The past two weeks of devastating testimony in the House Intelligence Committee confirmed that Trump demanded that Ukrainian President Zelensky announce investigations of Joe and Hunter Biden and of the 2016 election. Only then would he agree to an Oval Office visit and release $391 million in military assistance Congress had already approved. The powerful testimony of a dozen witnesses left the facts indisputable: Trump used the power of his office to extort political favors from a foreign leader. For his actions, he should be impeached, convicted, and removed from office.

Beyond nailing down the basic facts of the extortion scheme, the testimony established that the effort lasted for months and involved not just Rudy Giuliani and his associates, but numerous actors at the top levels of Trump’s Administration. Ambassador Gordon Sondland, named, among others, Vice President Mike Pence, Secretary of State Mike Pompeo, acting White House Chief of Staff Mick Mulvaney, former National Security Advisor John Bolton, and Energy Secretary Rick Perry as “in the loop” on the scheme. We didn’t learn as much as we should have about their involvement because all have bowed to Trump’s instructions to refuse all cooperation with the impeachment investigation.

The widening field of participants fuels two important questions: 1) how soon to wrap up the investigation, and 2) why there isn’t a parallel criminal investigation of Trump’s collaborators.

1) The first question has been pending since the start of the inquiry. Driven in large measure by the election calendar, the House majority has felt obliged to shape a clean narrative that can produce a prompt vote on articles of impeachment, followed by an expeditious trial in the Senate. That schedule would prevent impeachment from running into and drowning out the Democratic presidential primaries and allow senators up for reelection to hit the campaign trail.
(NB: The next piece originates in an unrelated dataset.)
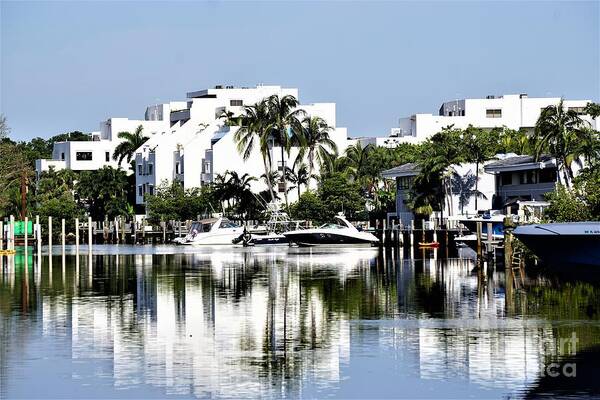 Boats Art Print featuring the photograph Miami by Merle Grenz
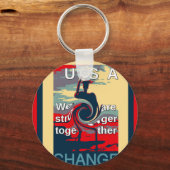 Porte-clés Conception d'unité USA Changement : Ensemble plus (Recto)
The argument for extending the investigation, however, is stronger. It is clear that the case put on in the Committee so far — regardless how overwhelming — has yet to change public opinion. That has allowed Republicans in both the House and Senate to continue their defense of Trump without paying a political price. The Senate will almost certainly acquit Trump based on the current record, even with the addition of necessary articles of impeachment alleging obstruction of justice and contempt of Congress. Any responsible prosecutor, knowing that a jury will almost certainly not find a defendant guilty on the existing evidence, but knowing that further investigation likely will produce substantially more evidence, would continue the investigation.

While it may be that there is no quantum of evidence that would crack the fact-resistant Republican wall that protects Trump, the odds of making a dent would increase if even more key players submitted to questioning and produced relevant documents. Obtaining testimony and documents might require time-consuming court intervention, but that process could accelerate as courts inevitably reject Trump’s absurd claim of absolute immunity. Internal administration squabbling will motivate some to talk. In addition, more whistleblowers could emerge and more leaks might spring. A prolonged process will keep Trump’s misdeeds in the public spotlight, doubtless provoking him to lash out in ways that clarify his culpability.

While the House must be careful not to overload the system, it should remember that it is speaking to history. Any misdeeds of Trump that are apparent and go unaddressed become acceptable.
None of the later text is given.